Gdańsk-Kraków-Łódź-Warszawa Seminar in Singularity Theory

Friday, April 17

on-line on zoom

Meeting ID: 931 2534 5558
Passcode: 983090

  • 9:45-10:35 Riccardo Ghiloni (Università di Trento) The Nash-Tognoli theorem over the rationals and its version for isolated singularities

    Abstract: The Nash-Tognoli theorem asserts that every compact smooth manifold \(M\) of dimension \(d\) is smoothly diffeomorphic to a nonsingular algebraic subset \(X\) of \(\mathbb{R}^{2d+1}\), a so-called algebraic model of \(M\). Since the subset \(X\) of \(\mathbb{R}^n\) is algebraic and nonsingular, it can be described both globally and locally by a finite number of polynomials with real coefficients, that is, there exist polynomials \(p_1,\ldots,p_n\) in \(\mathbb{R}[x_1,...,x_{2d+1}]\) for a certain positive natural number \(n\) such that:

    • \(X\) is the locus of the zeros of the polynomials \(p_i\), that is, \(X=\{x\in\mathbb{R}^{2d+1}:p_1(x)=0,\ldots,p_n(x)=0\}\) and
    • locally at every point \(y\) of \(X\), the polynomials \(p_i\) describe the differential structure of \(X\) via the Implicit Function Theorem, that is, for every \(y\in X\), there exist a neighborhood \(U\) of \(y\) in \(\mathbb{R}^{2d+1}\) and \(d+1\) indices \(i_1,\ldots,i_{d+1}\) extracted from \(\{1,..,n\}\) (that depend on \(y\)) such that \(X\cap U=\{x\in U:p_{i_1}(x)=0,\ldots,p_{i_{d+1}}(x)=0\}\) and the gradients of the polynomials \(p_{i_1},...,p_{i_{d+1}}\) evaluated at \(y\) are linearly independent.
    In the recent paper [1], Enrico Savi and I proved that the polynomials \(p_1,\ldots,p_n\) can be chosen with rational coefficients. This guarantees for the first time that, up to smooth diffeomorphisms, every compact smooth manifold can be described both globally and locally by means of a finite number of exact data.
    The aim of the talk is to present this Nash-Tognoli theorem over the rationals and also a version of it for real algebraic sets with isolated singularities.
    The previous results are based in part on a new version of real algebraic geometry that I recently developed together with José F. Fernando in [2].
    References:
    [1] Riccardo Ghiloni and Enrico Savi, The Nash-Tognoli theorem over the rationals and its version for isolated singularities, arXiv:2302.04142v2
    [2] José F. Fernando and Riccardo Ghiloni, Subfield-algebraic geometry, arXiv:2512.08975

 

  • 10:45-11:35 Antonio Carbone (Università di Ferrara) Resolution of closed semialgebraic sets and applications

    Abstract: Bierstone and Parusiński studied the desingularization of \(d\)-dimensional closed subanalytic sets and in particular of \(d\)-dimensional closed semialgebraic sets. Their procedure preserves the number of \(d\)-dimensional components connected by analytic paths of the involved closed semialgebraic sets, so they have a good behaviour for pure dimensional closed semialgebraic sets. If the involved \(d\)-dimensional closed semialgebraic set is not pure dimensional, some components connected by analytic paths of smaller dimension could be dropped during the desingularization process. For instance, Whitney's umbrella \(W:=\{{\tt y}^2{\tt z}-{\tt x}^2=0\}\subset\mathbb{R}^3\) has two components connected by analytic paths (one of dimension \(2\) and the other of dimension \(1\)), whereas its desingularization has only one component connected by analytic paths, that has dimension \(2\). The obtained models in the desingularization process, that we call closed chessboard sets, are the closures of (finite) unions of connected components of the complements of normal-crossings divisors of non-singular real algebraic sets.
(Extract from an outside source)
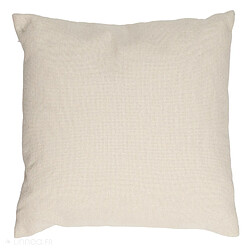 Acheter Linnea Crush - 40x40 cm - Beige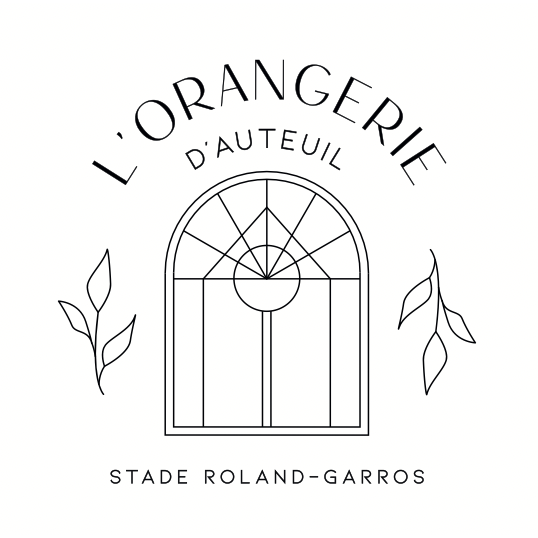 L'Orangerie d'Auteuil Stade RolandGarros Paris Nextdoor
    In this seminar we start by presenting the resolution of \(d\)-dimensional closed chessboard sets \(\mathcal{S}\) using Nash manifolds with corners \(\mathcal{Q}\) with the same number of connected components as \(\mathcal{S}\) (or equivalently the same number of irreducible components). Next, we present the Nash double \(D(\mathcal{Q})\) of a Nash manifold with corners \(\mathcal{Q}\), which is the analogous of the Nash double of a Nash manifold with smooth boundary, but takes into account the peculiarities of the boundary of \(\mathcal{Q}\). Combining the previous results with Bierstone and Parusiński's desingularization (together with some algebraization techniques) we obtain that: If \(\mathcal{S}\) is a \(d\)-dimensional closed semialgebraic set connected by analytic paths, then there exists a \(d\)-dimennsional non-singular irreducible real algebraic set \(X\), a proper surjective polynomial map \(f:X\to \mathcal{S}\) and a closed semialgebraic subset \(\mathcal{R}\subset \mathcal{S}\) of dimension \(<d\) such that \(X\setminus f^{-1}(\mathcal{R})\) and \(\mathcal{S}\setminus \mathcal{R}\) are Nash manifolds of the same dimension \(d\) and the restriction of \(f\) to \(X\setminus f^{-1}(\mathcal{R})\) is a Nash covering map whose fibers are finite and have constant cardinality. Finally, we present several applications of our results:

    • A complete characterisation of the compact semialgebraic sets that are images of the unitary closed ball under Nash maps.
    • A compactification result for Nash manifolds with corners by compact Nash manifolds with corners.
    • A result on Nash approximation of continuous semialgebraic maps whose target space are Nash manifolds with corners.
    This is a joint work with José F. Fernando